At CES, for example, we showed a couple of games from Gameloft — The Dark Knight and Asphalt 7. Those are two really high-end games. Both of them were running in full 1080p at 30 frames per second on our latest processor, taking advantage of quad-core. We worked with them to optimize that. Then we get all the optimizations back out, and now all of Gameloft’s games will use them. We also spend a lot of time with game engines, like Unity and Epic and so on. Once the engine is optimized, all the games on top of that will benefit.
VB: What does eight-core get you? If quad-core gets you 1080p …
Talluri: [Laughs] I don’t know if quad-core got us 1080p so much as the combination of the cores and the GPUs and the memory controllers and the video engines and the audio engines. It’s a whole system, the SOC. That’s how we look at cores. We launch them and we put in as many as needed to provide a real benefit. We haven’t talked about eight-core. We did say that the eight-core in Exynos was a little bit more marketing than real eight-core because you have four big ones and four small ones. They had to do that because the power on the four big ones was too high.
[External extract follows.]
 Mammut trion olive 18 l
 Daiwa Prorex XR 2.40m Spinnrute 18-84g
VB: Folks like Nvidia are taking interesting steps like creating their own game machine. One of these days, Intel may get so frustrated that they’ll make their own phones. What do you guys think of that?
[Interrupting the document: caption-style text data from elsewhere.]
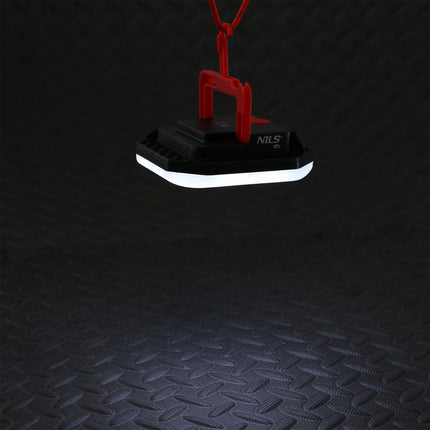 Camping Lamp, 220 Lumens, Portable Light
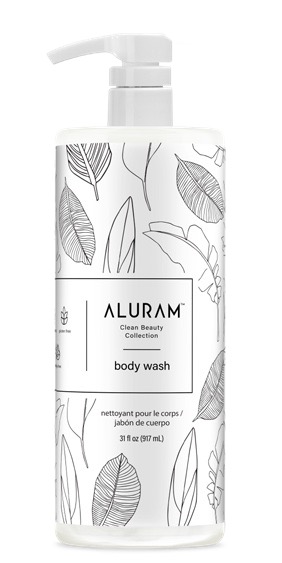 Aluram Signature Body Wash - 32oz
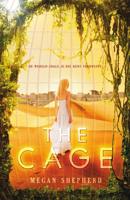 The Cage - Megan Shepherd - ebook - thumbnail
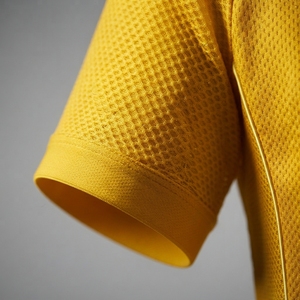 Ensemble de maillots de cyclisme pour hommes, respirants, coupe-vent, grande taille, avec logo personnalisé, été - Product Image 3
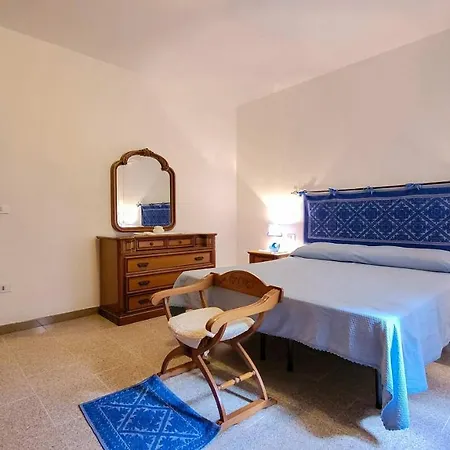 Casa Antonietta Feriehus Orosei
Talluri: Competing with their customers would be a bad idea. Usually that doesn’t work out well. We try not to compete with our customers. We’re happy doing what we do, which is provide the processors to people who want to make phones.
VB: It’s interesting to see these new challenges that blend the console and the mobile device, like Ouya or Nvidia’s thing. I wonder how well this space is going to do. It’s bringing mobile to the TV.
Talluri: We’re seeing a lot of traction for people taking our Snapdragon processors and putting it inside the TV, or putting it in little boxes that sit next to the TV. There’ll be a whole bunch of those that you’ll see launching this year, kind of like the Ouya. A lot of people are doing that, but not just for games. They’ll play video and audio. They’ll run Android Marketplace and so on. It’s more like a smart TV or set-top box. Of course they’ll run games because a lot of the games on the marketplace are already optimized for our processor. But we’re looking at things like that rather than a dedicated gaming device.
VB: I had a look at some stats last week. They said that 95 percent of all content purchases on Android mobile devices in Korea are games. In the U.S., it’s 76 percent. I guess that’s why you guys care about this. [Laughs]
Talluri: You want to think about what people can do with your stuff, right? We care about what people use our processors to do.